The Earth will be hotter than predicted four years ago, thanks in part to a trimmed carbon emissions target set by Japan as the nuclear-reliant nation grapples with energy security.
The planet will warm by 3.7 degrees Celsius by 2100, or 0.6 degrees more than projections from four years ago, based on emissions pledges by all nations, according to a study by the Climate Action Tracker released during the United Nations climate talks in Warsaw.
The UN has sought to limit the Earth’s warming since the pre-industrial era to 2 degrees Celsius to curtail the worst effects of climate change, including longer droughts, rising seas and stronger storms.
But retrenching by Japan and Australia will drag down efforts to abate global warming, according to a group of scientists and climate analysts.
“We are seeing a major risk of a further downward spiral in ambition, a retreat from action, and a re-carbonization of the energy system led by the use of coal,” said Bill Hare, director of Climate Analytics, one of three organizations that run the Climate Action Tracker program.

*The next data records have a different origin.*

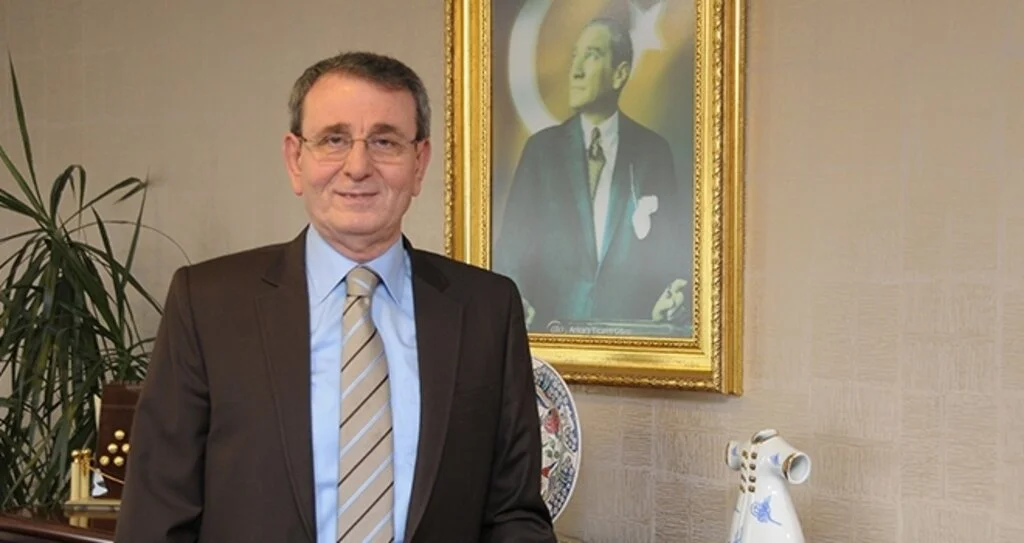 STSO Başkanı Murzioğlu: Birliğimizi Bozamayacaklar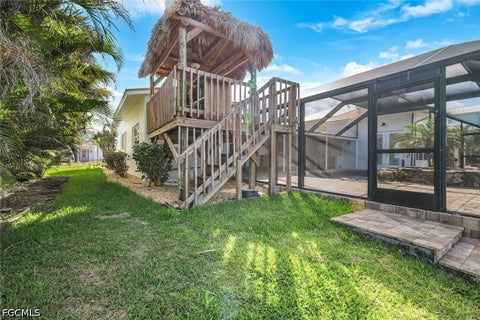Tiny photo for 22 Palmview Boulevard, Fort Myers Beach, FL 33931 (MLS # 2026036981)
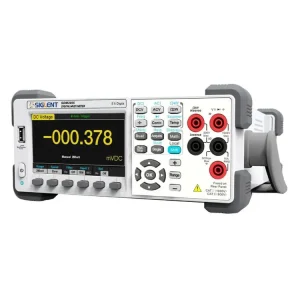 Siglent SDM3055 stolní multimetr - Bestseller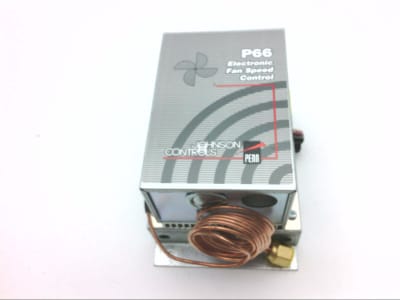 JOHNSON CONTROLS P66AAB-1
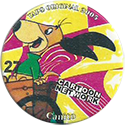 Tap's > Hanna-Barbera 27-Canito.
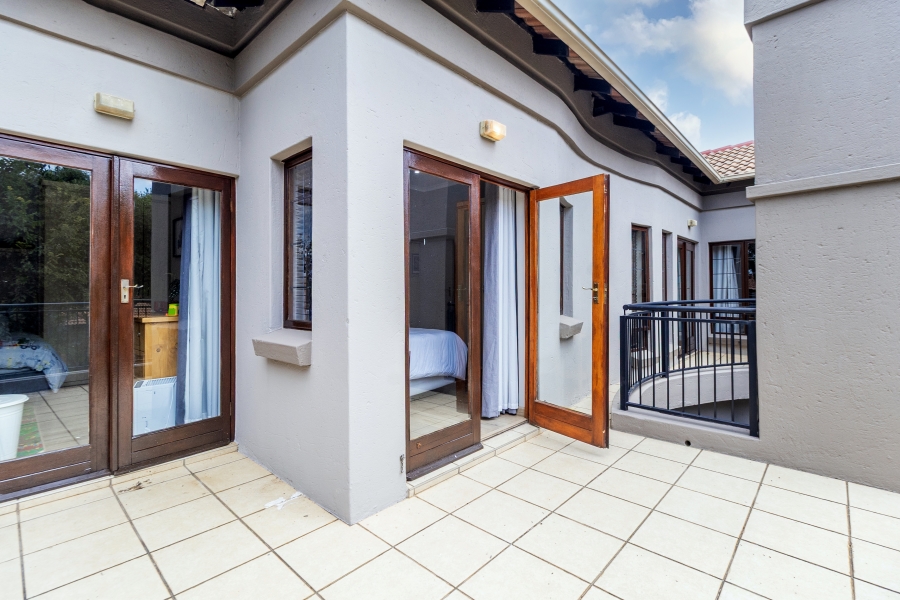 4 Bedroom Property for Sale in Moreleta Park Gauteng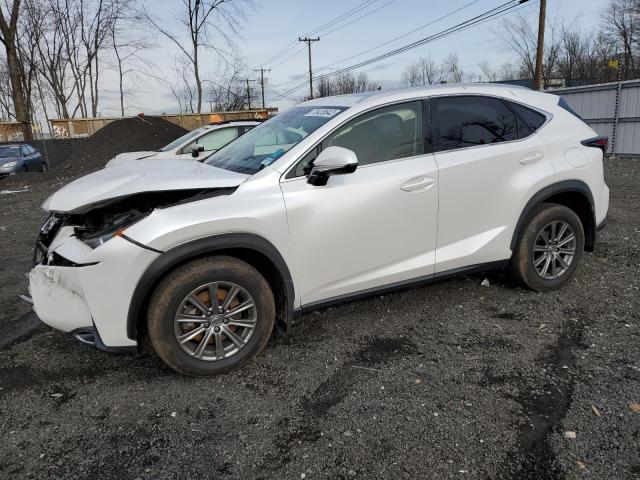 LEXUS NX 200T BA 2017 with VIN JTJBARBZ2H2122684 - Photo from auction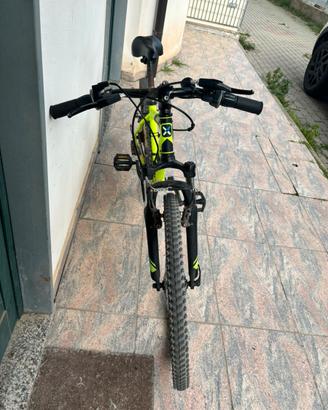 Biciclette da cross per bambini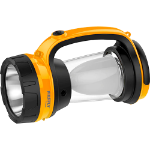 Firefly Rechargeable Solar LED Torch Light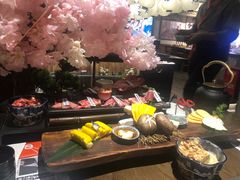 -樱宿日式和牛烧肉(五道口店)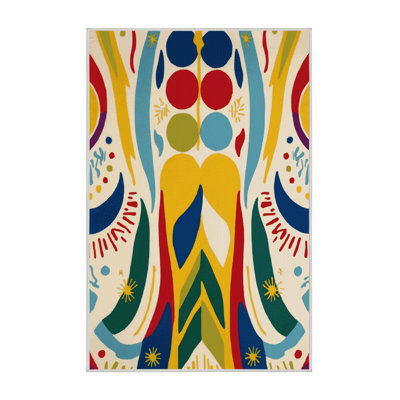 Tapis Lush Vibe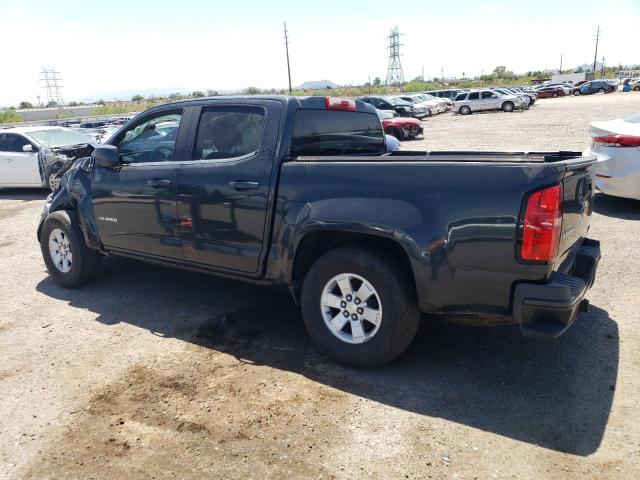 Obraz 2 z 2018 CHEVROLET COLORADO  2018 z VIN 1GCGSBEN9J1120223
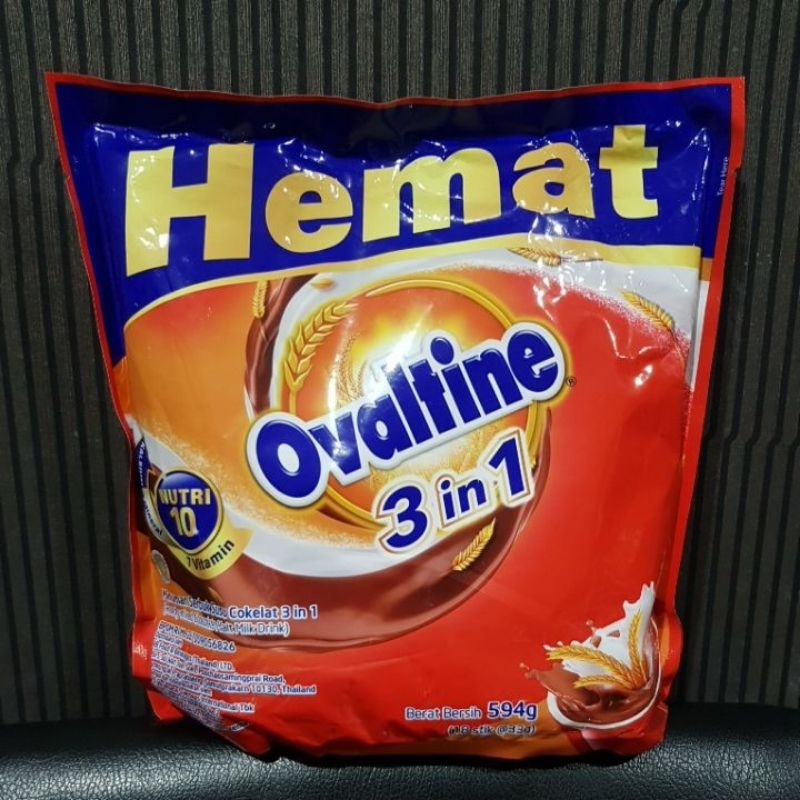 

Ovaltine3in1susuCokelat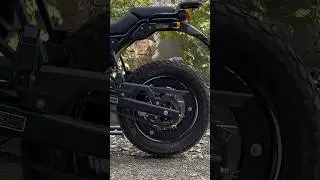 Himalayan bike wheel disk 18 Inches #tranding #automobile #himalayan #himalayanrider #youtubeshorts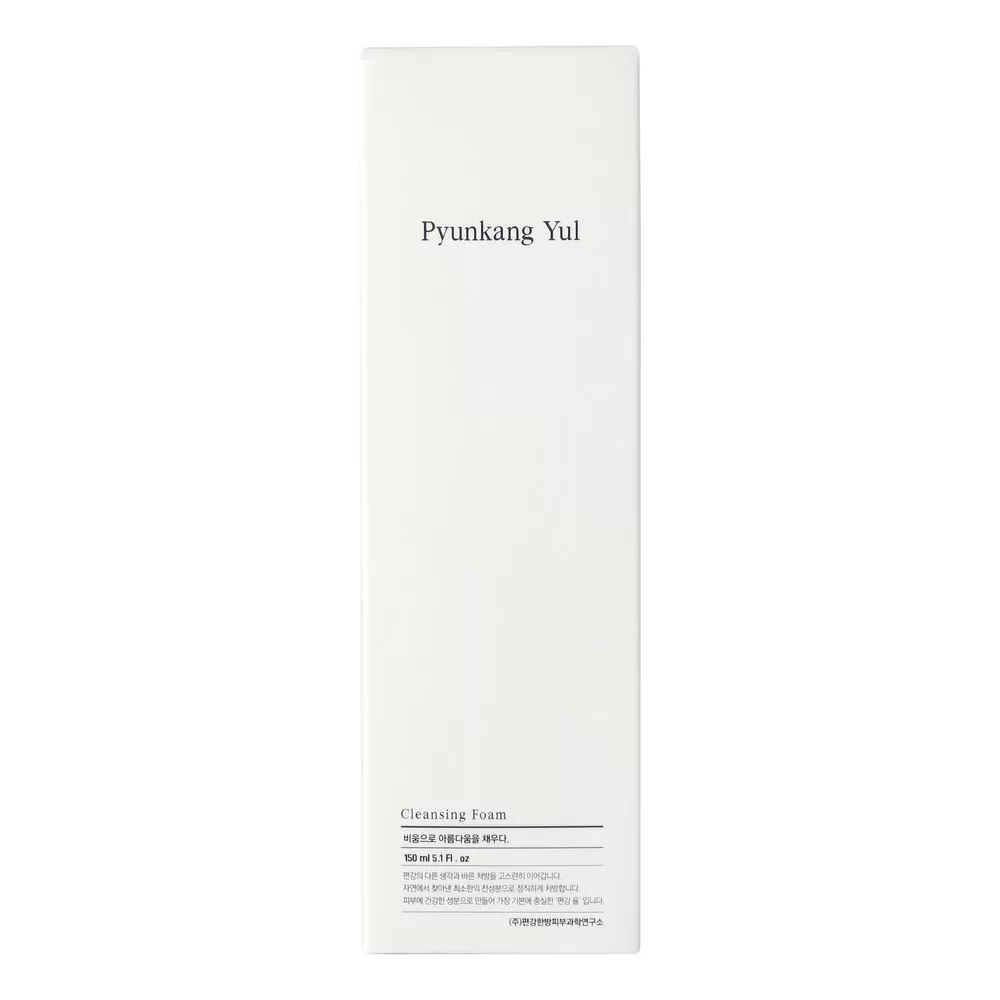 Pyunkang Yul Cleansing Foam - 150 ml.
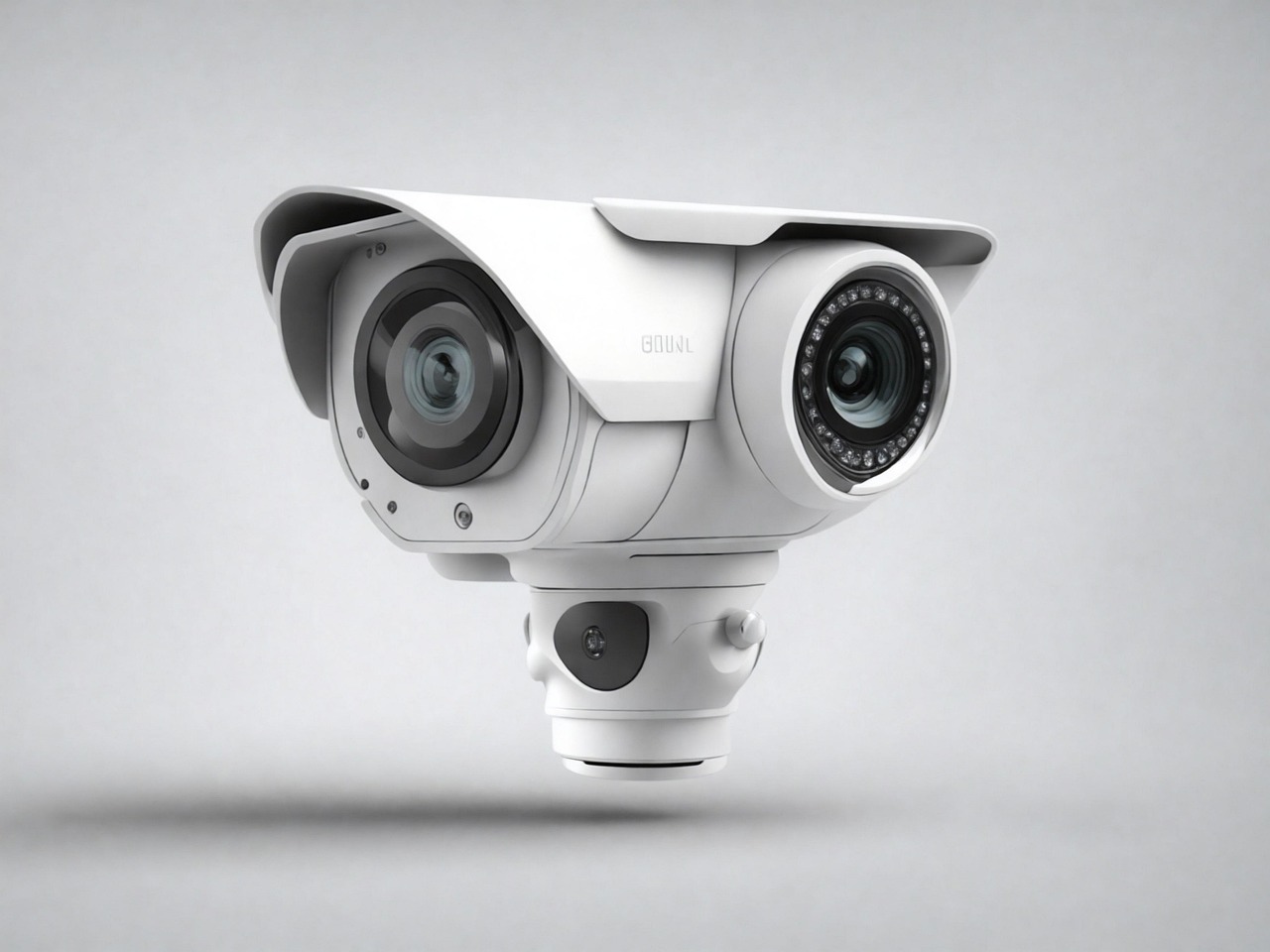 CCTV Installations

Japan announced its weaker greenhouse gas emissions target of 3.8% by 2020 during the COP19 climate change talks in Warsaw. The new Japanese goal is marking a 3.1% increase in emissions, rather than seeking a 25% cut by 2020.
Japan was forced to shift energy sources to natural gas and coal amid a nuclear shutdown in the wake of the Fukushima nuclear disaster.
Australian Prime Minister Tony Abbott’s policy change of abolishing carbon tax risks exacerbating climate change, Climate Action Tracker said.